**DESCRIPTION OF THE TASK**
In the listing below, find the line containing "Dog Cage with" and the line containing "Art nouveau mahogany table with cut-out top". Repeat exactly those two lines and every line between them, nothing more.
** Opening GIVEN RECORDS block **
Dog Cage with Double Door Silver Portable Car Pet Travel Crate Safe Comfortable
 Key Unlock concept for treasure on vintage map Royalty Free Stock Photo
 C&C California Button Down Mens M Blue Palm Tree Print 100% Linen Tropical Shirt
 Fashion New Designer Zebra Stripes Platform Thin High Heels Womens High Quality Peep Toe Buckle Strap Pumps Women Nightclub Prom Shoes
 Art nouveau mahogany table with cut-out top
** Closing GIVEN RECORDS block **
** Opening GIVEN RECORDS block **
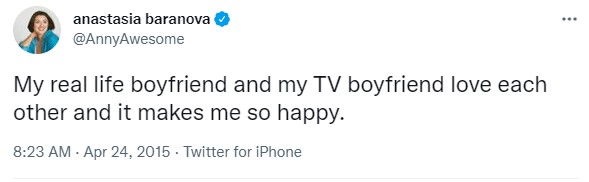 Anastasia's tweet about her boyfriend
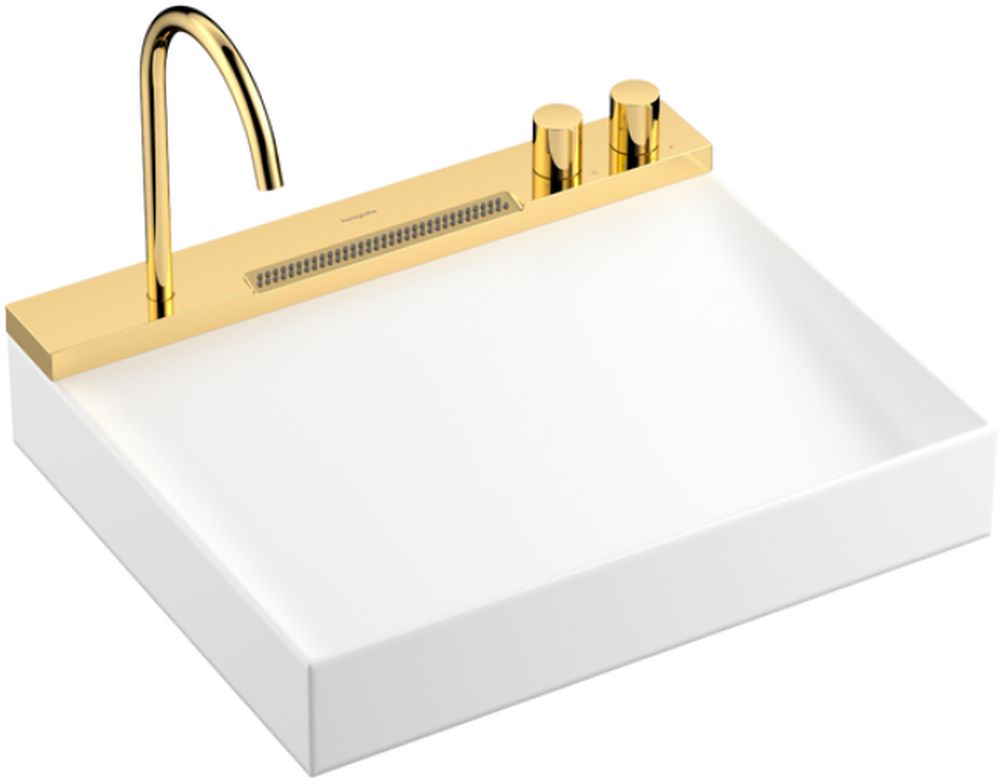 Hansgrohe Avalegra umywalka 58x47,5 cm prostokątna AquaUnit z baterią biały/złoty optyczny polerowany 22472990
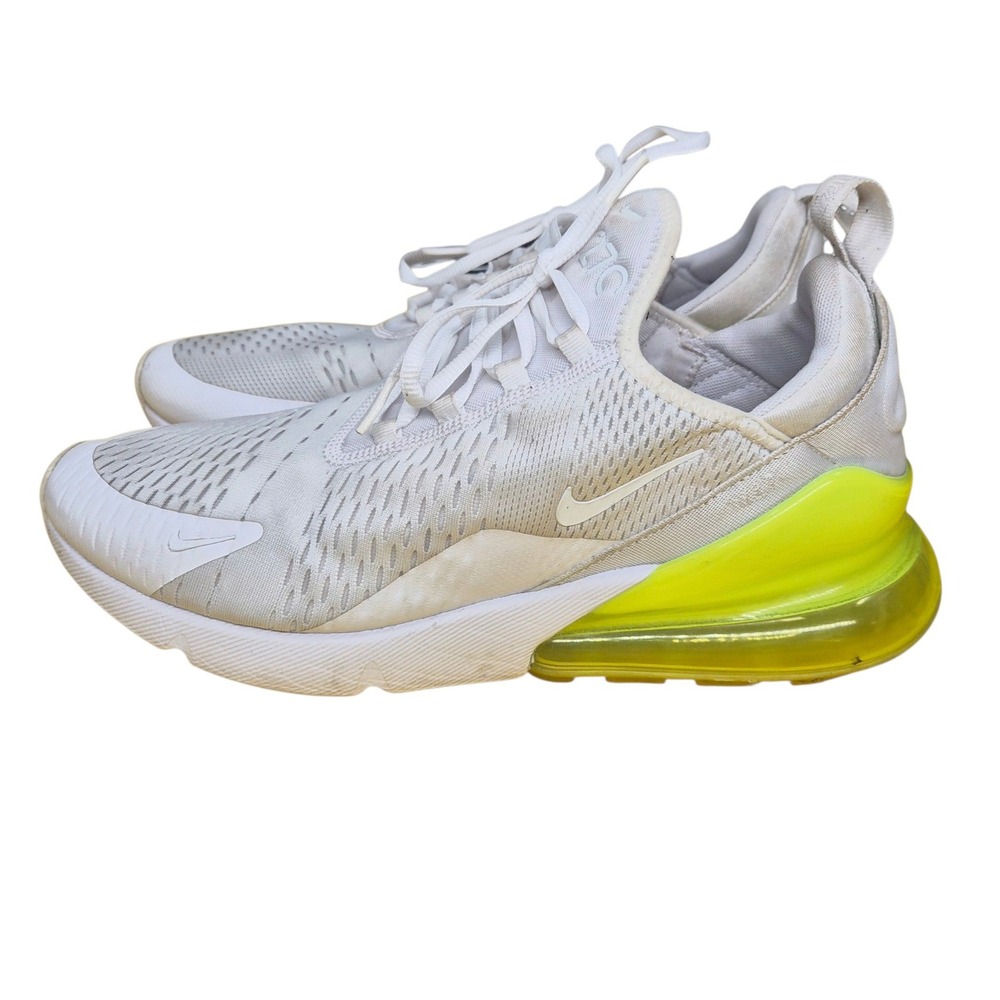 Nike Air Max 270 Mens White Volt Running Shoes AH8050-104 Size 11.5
** Closing GIVEN RECORDS block **
** Opening GIVEN RECORDS block **
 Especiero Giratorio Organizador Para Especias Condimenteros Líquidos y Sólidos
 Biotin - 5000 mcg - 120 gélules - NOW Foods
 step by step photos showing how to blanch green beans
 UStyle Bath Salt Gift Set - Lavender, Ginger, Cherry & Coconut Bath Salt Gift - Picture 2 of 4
** Closing GIVEN RECORDS block **
**WRITTEN ANSWER**
Dog Cage with Double Door Silver Portable Car Pet Travel Crate Safe Comfortable
 Key Unlock concept for treasure on vintage map Royalty Free Stock Photo
 C&C California Button Down Mens M Blue Palm Tree Print 100% Linen Tropical Shirt
 Fashion New Designer Zebra Stripes Platform Thin High Heels Womens High Quality Peep Toe Buckle Strap Pumps Women Nightclub Prom Shoes
 Art nouveau mahogany table with cut-out top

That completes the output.